8. A shortage certificate amounts neither to an acknowledgment of liability nor holds out any hope to the consignee as to the time of delivery and is merely evidence of actual event that certain goods or articles have fallen short with reference to what the plaintiff states to have been despatched. A shortage certificate is no proof of the fact that the quantum of goods claimed to have been despatched has actually been despatched unless the fact of despatch of the quantum of goods is actually established. In this connection, reference may be made to the principles laid down in (1962) 28 Cut LT 540 : (AIR 1963 Orissa 31), Union of India v. Prakash Ch. Sahu.
In AIR 1973 Pat 244, Union of India v. Chotelal Shewnath Rai, it has been held that where there is no evidence to prove the actual weight of the goods loaded in the wagon-and the loading had been done at the despatching station by the consignor, the Railway Administration is not liable for short delivery detected at the destination. From mere mention of a particular weight on the railway receipt and the forwarding note for the purpose of calculating the freight charge, no admission on the part of the railway as to the correctness of the weight of the goods loaded can be made out to fix up the liability,
9. Approving the decisions reported in AIR 1950 Nag 85 (supra) and AIR 1956 Mad 176 (supra), the Supreme Court has laid down in AIR 1970 SC 843, Hari Sao v. State of Bihar, which also deals with the expression "S.W.A.", as follows :
"..........There would be no presumption that the goods put in the wagon were chillies because the railway did not accept the consignment as such and described it as 251 bags allegedly containing chillies. Nor was there any acceptance of the weight of the goods by the railway. The endorsement 'S.W. A.' would negative the plea, if any, that the weight was accepted by the railway. The endorsement 'L/U' emphasised that the loading and unloading being in charge of the consignor the railway could not be held liable for any negligence in loading or unloading."

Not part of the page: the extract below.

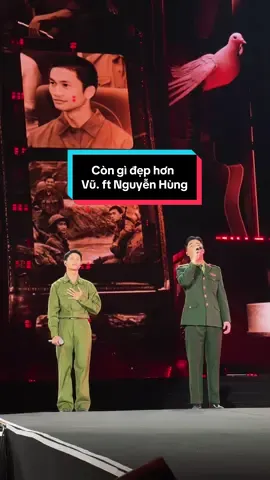 Đến giờ vẫn còn xúc động lâng lâng vì “sít rịt” đêm qua ở V FEST 🥹 không nghĩ có ngày được nhìn thấy diện mạo ấy trong bộ quân phục đã cất tủ 10 năm của @Vũ.  #congidephon #vfest #vu #nguyenhungmaydays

In AIR 1984 Orissa 156, Orient Paper Mills Ltd. v. Union of India, a Division Bench of this Court, with one of us (B.K. Behera, J.) has held that in a suit for damages for loss of goods against the Railway Administration, the onus lies on the plaintiff to establish the actual loading of the goods for the loss of which the claims have been made. That was also a case where the consignment had been loaded and despatched from the siding of the consignor.
10. In (1984) 57 Cut LT 321, Union of India v. Krishna Stores, on which reliance has been placed for the respondent, the Hon'ble Judges have dealt with the scope of Sections 73 and 74 of the Act. In that case, 660 tins of groundnut oil were despatched from ex-Havagudh by Saurastra Oil Mill to be delivered at the Kantabanji Railway Station in a wagon as per the railway receipt for being carried by the defendant railway as a carrier at the railway risk rate and the groundnut oil tins had been delivered to the defendant railway at the point of despatch in properly packed condition. It was not a case where the loading had been done at the consignor's siding without any supervision by the Railway Administration. On the facts of the reported case and in view of the provisions made in Sections 73 and 74 of the Act, the judgment and decree passed against the Railway Administration had been upheld by this Court.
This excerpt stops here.